According to Table 3, the concentration of serum PTH before PTX was 436.91 pg/mL and decreased by 23.98 pg/mL one day after PTX and raised once more by 71.96 pg/mL one week after PTX. In this regard, the variations were significant (P=0.001).
According to the findings of the present study, there is a statistically significant positive relationship between 1,25(OH)2D3 and FGF23 preoperatively and postoperatively.
Using different methods and approaches, a large number of studies have investigated the effect of PHPT on FGF23 levels. For example, Kobayashi et al studied the association between serum FGF23 levels in PHPT patients.18 In their study, FGF-23 significantly increased in PHPT patients, in comparison to 18 PTX patients and the control group; however, postoperative FGF-23 levels declined significantly, in comparison to the preoperative levels.18 In the present study, post-PTX FGF-23 levels declined in comparison to pre-PTX; however, the variations were not statistically significant.
Witteveen et al investigated the relationship between FGF23 and PTH in PHPT patients and the euparathyroid patients undergoing successful PTX. They found out that FGF23 was considerably higher in PHPT patients, compared to the euparathyroid patients.
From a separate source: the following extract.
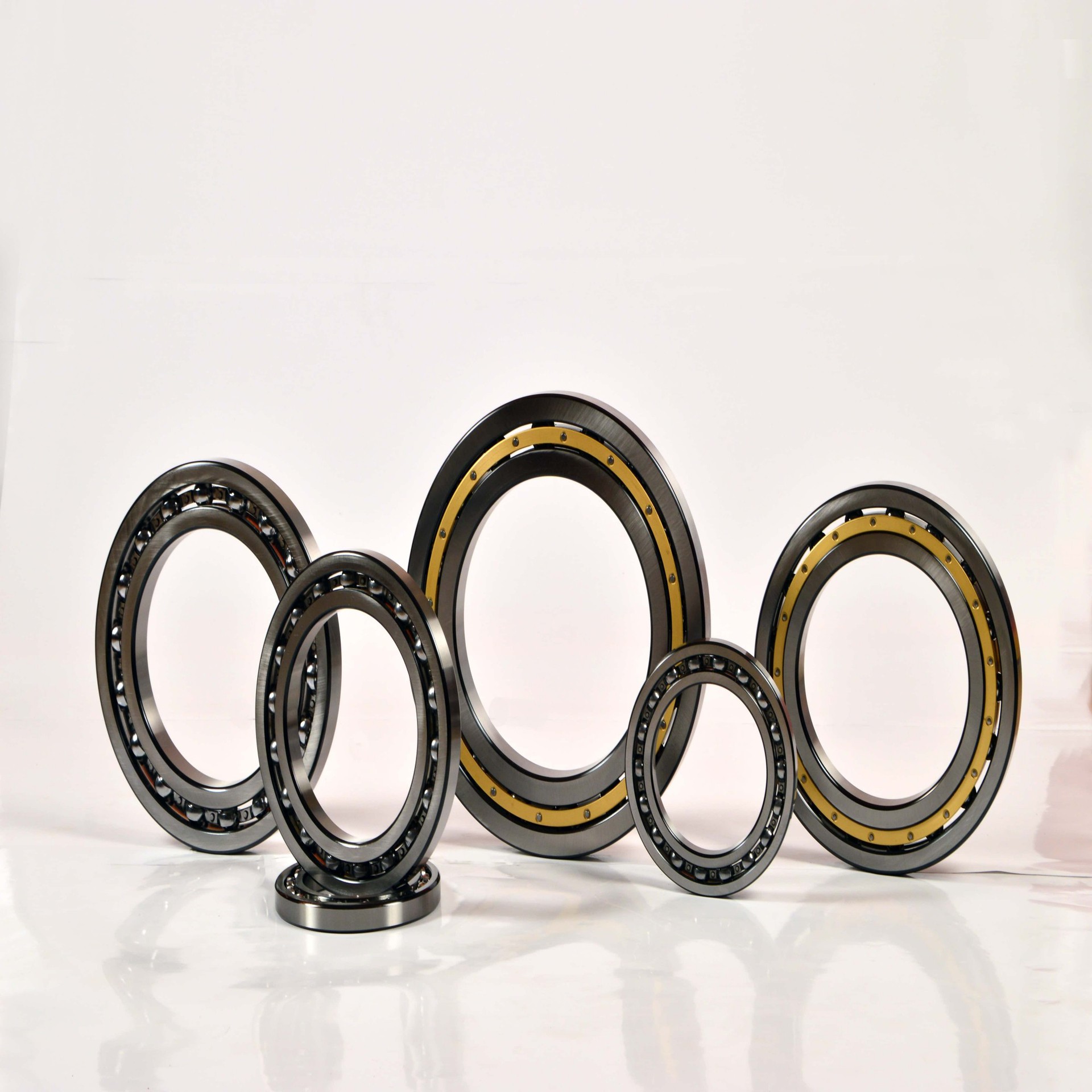 BOT   厂家直销 进口工艺 山东品牌P5P6级深沟球轴承61896M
Moreover, a significant relationship between PTH and FGF23 levels was also reported in their study.9
Yamashita et al noticed a significantly higher plasma FGF23 level in the PHPT patients, compared to the control group. They observed no variation in post-PTX FGF23 levels, while the calcium levels were normalized.19
They observed a positive correlation of FGF23 with PTH and serum calcium and a negative correlation of FGF23 with 1,25(OH)2D3.19 Unlike the study of Yamashita et al, in our study, FGF23 correlated positively with 1,25(OH)2D3.
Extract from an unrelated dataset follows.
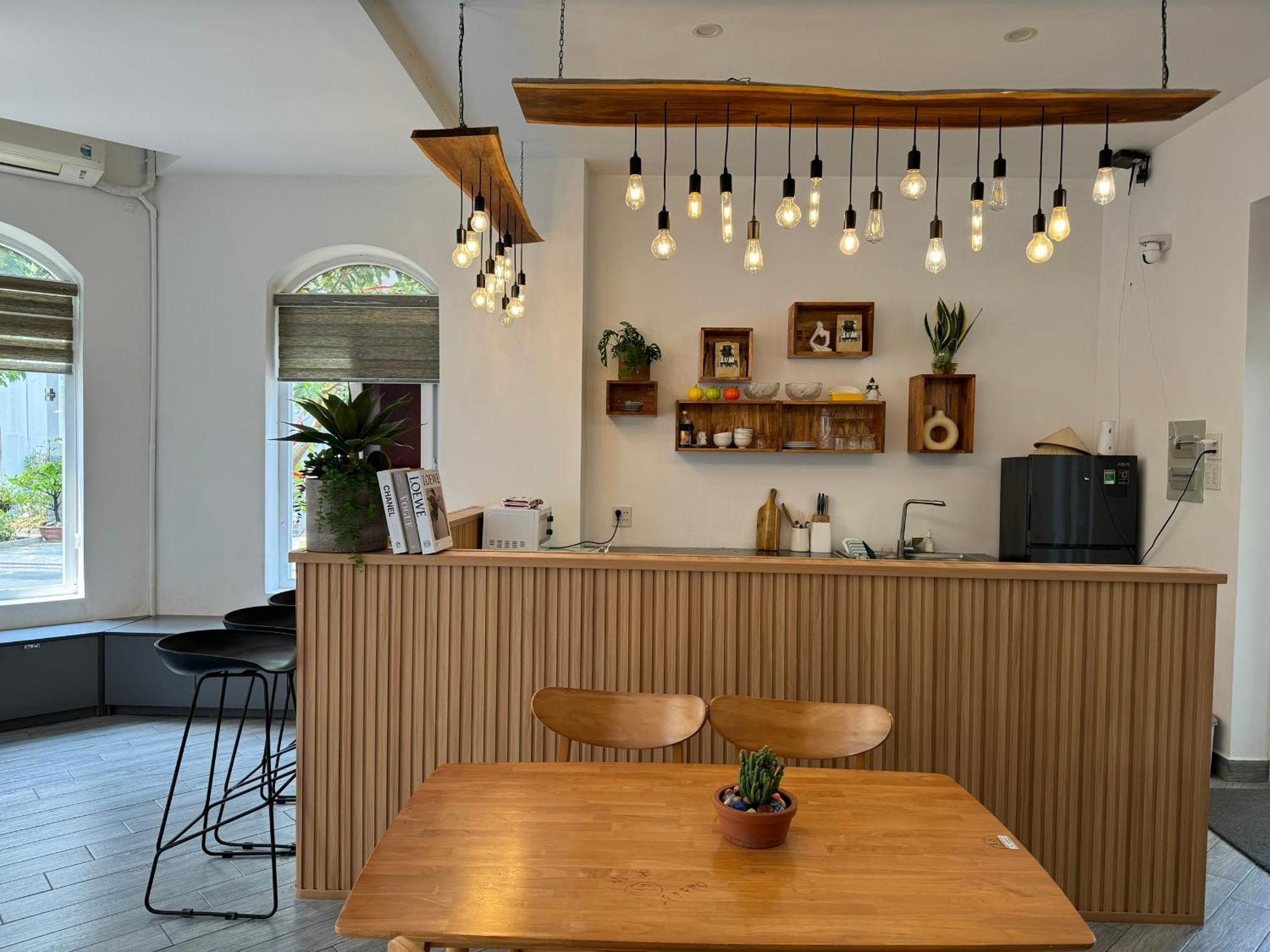 La Homestay Long Xuyên Екстериор снимка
Tebben et al found the similarity between FGF23 levels one day and six weeks after PTX and reported no significant correlation between FGF23 levels and serum calcium, phosphate, 25(OH)2D, and PTH levels in the post-PTX and pre-PTX stages.20
This study has potential limitations include, absence of healthy patients as a control group, the insufficient sample size due to the rarity of PHPT disease, and a short follow up period.
According to the findings, although 1,25(OH)2D3 and FGF23 levels were preoperatively higher in PHPT, their variations were not statistically significant. Moreover, there was a positive and significant correlation between 1,25(OH)2D3 and FGF23 preoperatively and postoperatively. The correlations between FGF23 and calcium, phosphate, and PTH were not significant; however, the variations of these parameters were significant.
This research was funded by the Mashhad University of Medical Sciences (MUMS).
The authors report no conflicts of interest in this work.